- **About this task**: The lines from the top of the material through the line with "A black motorized" are to be set down exactly. Leave the pictures out.

** Dataset section follows **

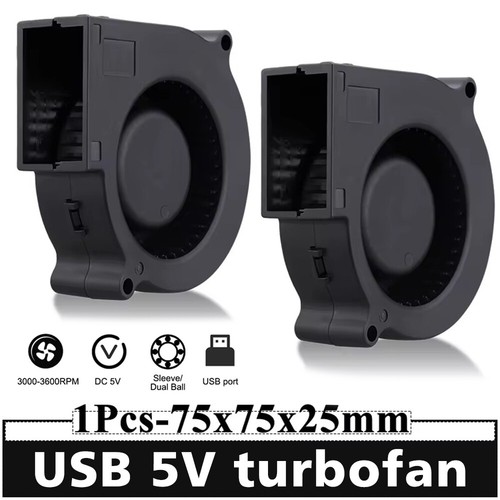 Powerful Quiet 15-30mm USB Blower Fan, for Receiver DVR Xbox Modem AV Cooling - Photo 3/25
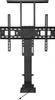 A black motorized TV stand with a mount for a television. Náhled obrázku produktu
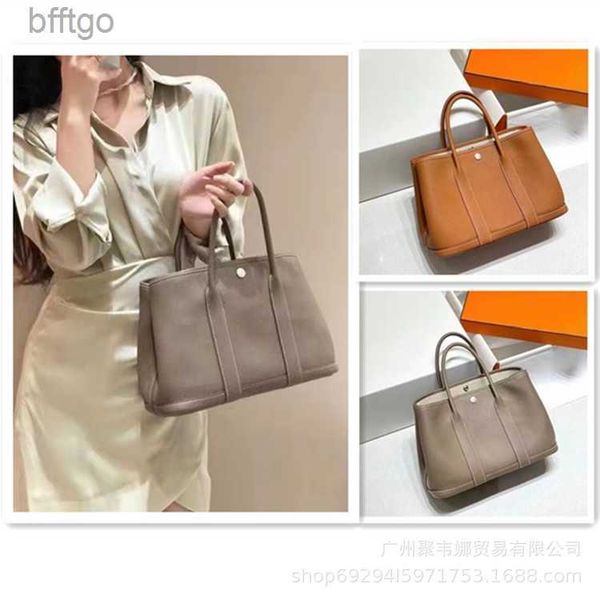 

herms's designer garden party bags for women 2023 new calfskin bucket large capacity women's one shoulder crossbody handbag shoppi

** End of Dataset section **

- **Solution to this task**:
 Powerful Quiet 15-30mm USB Blower Fan, for Receiver DVR Xbox Modem AV Cooling - Photo 3/25
 A black motorized TV stand with a mount for a television. Náhled obrázku produktu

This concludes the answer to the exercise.